So given three surfaces $S_1,S_2,S_3$ in $\mathbb{R}^n$ (I am currently doing differential geometry of curves and surfaces, so I am not really familiar with most manifold jargon. I assume the proper terminology would be something to the effect of smooth manifolds embedded in $\mathbb{R}^n$) and a chain of smooth maps: $$ S_1\xrightarrow[]{\phi} S_2 \xrightarrow{\psi}S_3 $$ I would like to prove the chain rule for the differentials of $\phi,\psi$. That is, for a point $p$ in $S_1$, we have: $$ d(\psi \circ \phi )_p = d\psi_{\phi(p)} \circ d\phi_p $$ My book's definition of the differential for a function $ \phi: S_1 \to S_2$ is a map $d\phi_p:T_pS_1 \to T_\phi(p)S_2$ and is defined by: $$ d\phi_p = (\phi \circ \gamma )'(0) $$
where $\gamma$ is a smooth curve, $\gamma:(-\epsilon,\epsilon)\to S_1$ with the property that $\gamma(0) = p$. Using this definition, computing the differential of the composition at $p$ comes down to computing: $$ (\psi \circ \phi \circ \gamma)'(0) $$ However, here is where I am a bit unsure. Let us define $\beta = \phi \circ \gamma$. Then, we have that $\beta$ is a smooth curve from $\mathbb{R}$ into $S_2$, with $\beta(0) = \phi(p)$. Then, we conclude: $$ d(\psi \circ \phi )_p = (\psi \circ \phi \circ \gamma)'(0) = (\psi \circ \beta)'(0) = d\psi_{\phi(p)} $$ But this is clearly incorrect. What am I doing wrong?

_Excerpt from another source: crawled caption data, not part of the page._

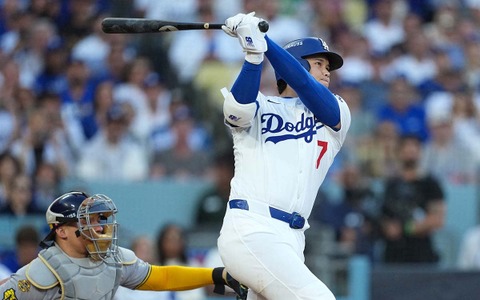 【MLB】大谷翔平の一番好きなところは「毎晩ホームランを打っている姿なんだ」　WBC米国代表監督が本音「CY賞を獲るならそれでもいい、でも……」 画像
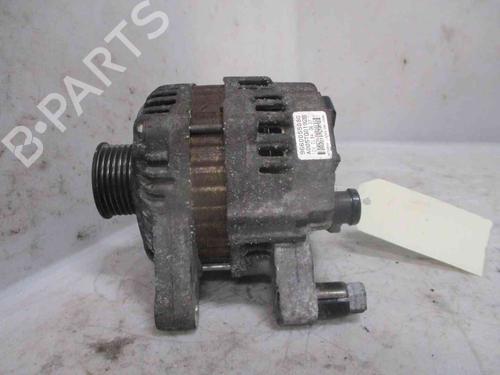 Alternator CITROËN C3 I (FC_, FN_) 1.4 i | BP20206593M7 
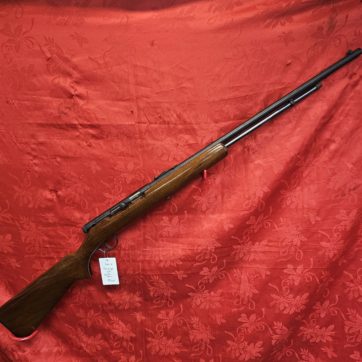 SAVAGE MODEL 6B SEMI AUTO 22LR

The correct definition for the push-forward of $\phi$ is $$d\phi_p : T_p S_1 \to T_{\phi(p)}S_2, \qquad d\phi_p(\gamma'(0)) = (\phi \circ \gamma)'(0) \tag1 $$ where, as you say correctly, $\gamma : (-\varepsilon,+\varepsilon) \to S_1$ is a smooth curve such that $\gamma(0) = p$. What is different from your definition is that we do need to know what the differential acts upon (the vector $\gamma'(0) \in T_pS_1$). In your final calculation, this amounts to the following correction $$d(\psi \circ \phi)_{p}(\gamma'(0)) = (\psi \circ \phi \circ \gamma)'(0) = (\psi \circ \beta)'(0) = d\psi_{\phi(p)}(\beta'(0)).\tag2 $$ This is actually correct! Why? Because you know that $\beta = \phi \circ \gamma$, so by the definition $(1)$ $$\beta'(0) = (\phi \circ \gamma)'(0) = d\phi_p(\gamma'(0));$$ this means that $(2)$ becomes $$d(\psi \circ \phi)_{p}(\gamma'(0)) = d\psi_{\phi(p)}(\beta'(0)) = d\psi_{\phi(p)}(d\phi_p(\gamma'(0))) = (d\psi_{\phi(p)} \circ d\phi_p)(\gamma'(0)), $$ exactly as you wanted.